Though small in size, small and mid-size enterprises (SMEs) play an important role in the economy in every industry and sector. They outnumber large firms considerably, employ vast numbers of people taken together, and are generally entrepreneurial in nature, helping to shape innovation in all aspects of business operations.
It is imperative that enterprise information management (EIM) consultancies and vendor-agnostic organizations articulate the objectives and benefits of enterprise information management to smaller businesses. Often, small-medium businesses do not have in-house IT departments and have varied understanding of the interaction needed between IT and the business for successful management of their data and information. Overall, product vendors and major consultancies focus on large enterprises and do not consider smaller businesses to be a source of new and sustainable revenue.

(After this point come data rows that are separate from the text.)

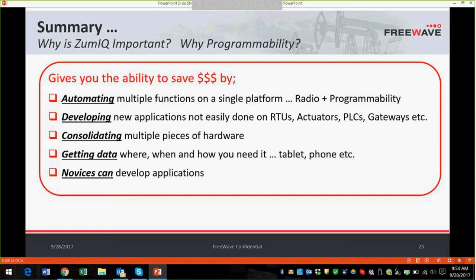We also want to let you know that you can join our Node-RED workshop on October 13th. We've sent out invitations — it's a full-day workshop here in Boulder, Colorado. If you haven't received an invitation and you would like to join, please contact us. Information is on the website as well. With that, I'd like to conclude our presentation. If anyone has any questions, please respond to the email or reach out to the FreeWave website. I hope you guys have a really great day — thank you.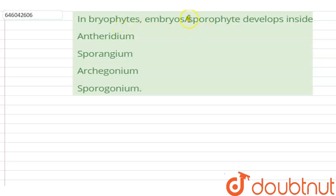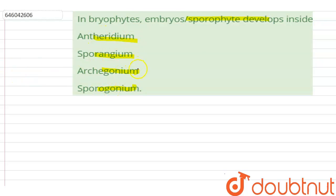Hello students. Your question is: in bryophytes, the embryo sporophyte develops inside — and the options are infridium, sporangium, archegonium, sporogonium. The correct option is archegonium, as in bryophytes the embryo sporophyte develops inside the archegonium, which contains the female egg.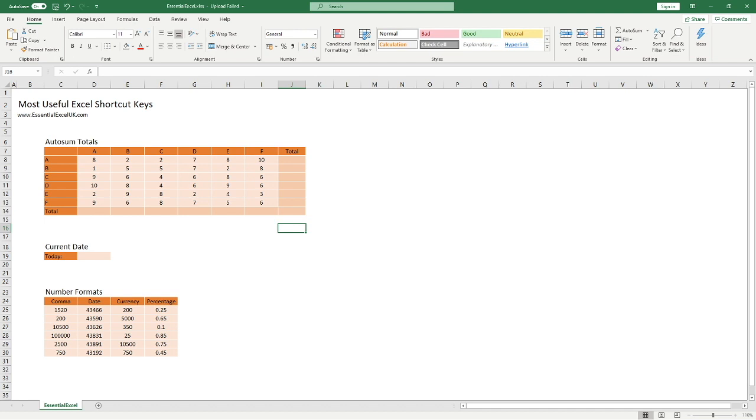Hello everyone and welcome back to another video. In this video I'm going to be looking at the best shortcuts in Excel that you didn't know about. We're going to run through each one individually with a quick example to show how it works, and hopefully you will learn something that you weren't already aware of.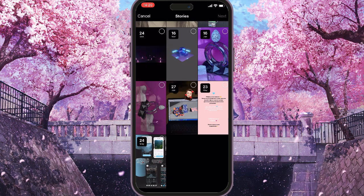And then you will see all the stories that have been posted before. What you want to do, you want to choose the ones that you need to add to your highlights. So let's select this one and the other one.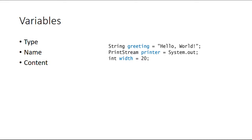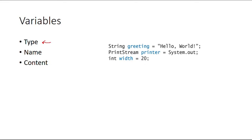We will now start with variables. The three elements you need to remember are really easy to identify and you should know them by now. The first one is the type, name, and content. So here we have three different variables right here.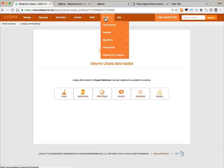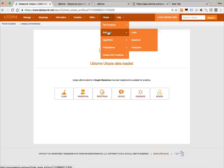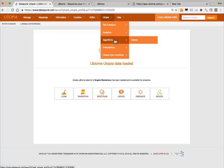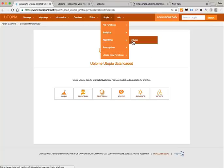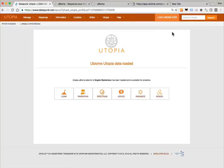Here we are at the uBiome utopia interface. You'll notice the environment has changed — there is an orange bar identifying that you're in the utopia program versus the blue bar which tells you that you're in the Opus program. There are a lot of very similar functions: a series of analytics apps, an app that does algorithmic analysis based on outcomes, and some apps designed for prescriptive advice. If you're comfortable with the interface for Opus 23 you're going to be very comfortable with the utopia interface.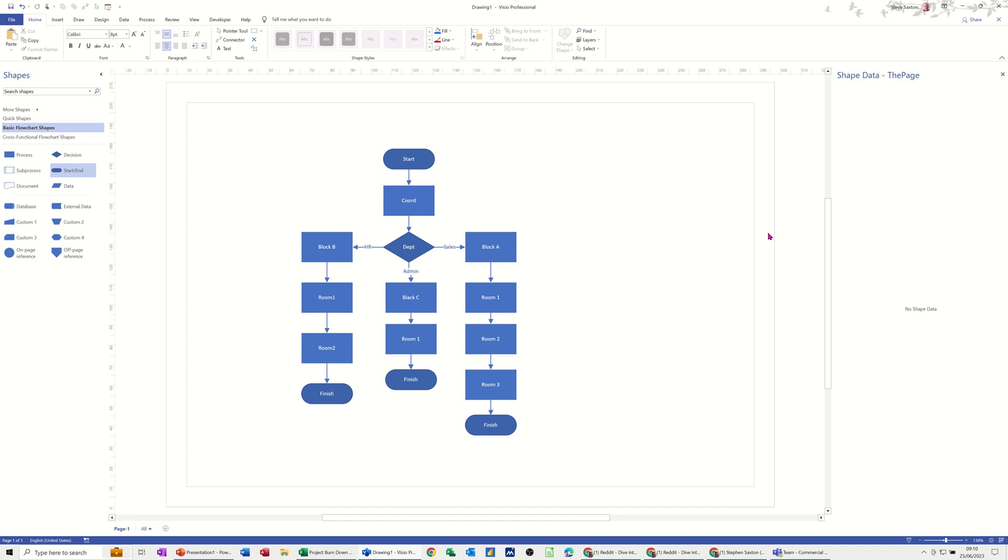Hi guys, welcome to this session in Microsoft Visio. In this module I want to show you how you can create sub processes on a second or third sheet very quickly. Now depending which version of Visio you've got will depend how you do this.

This oversight is damaging to the success of the smaller organizations and to the ability of the EIM/EDM functions to support every enterprise.
Understanding the enterprise data / information management function is made more difficult by the variety of names that the discipline has across organizations: information management, data management, enterprise data management, information resource management, and enterprise information management.
Also, the components of enterprise information management are not fully agreed upon, although most experts include the following as pieces of the EIM puzzle: metadata management, data governance and data stewardship, data and information quality, data architecture and modeling, data warehousing and business intelligence, master and reference data management, records and unstructured data management, and data security.
As small and medium enterprises explore analytics and other processes and technologies that rely on accurate and quickly available data, they will realize the need for functions such as data governance, metadata management, and data quality management, etc. They will come to understand the need for enterprise data / information management as an integral part of their operations.
It is imperative that all organizations of any size and any industry / field learn about enterprise information management, how it can contribute to the organization’s success, and how EIM experts can help ensure the effective management of any organization’s information assets.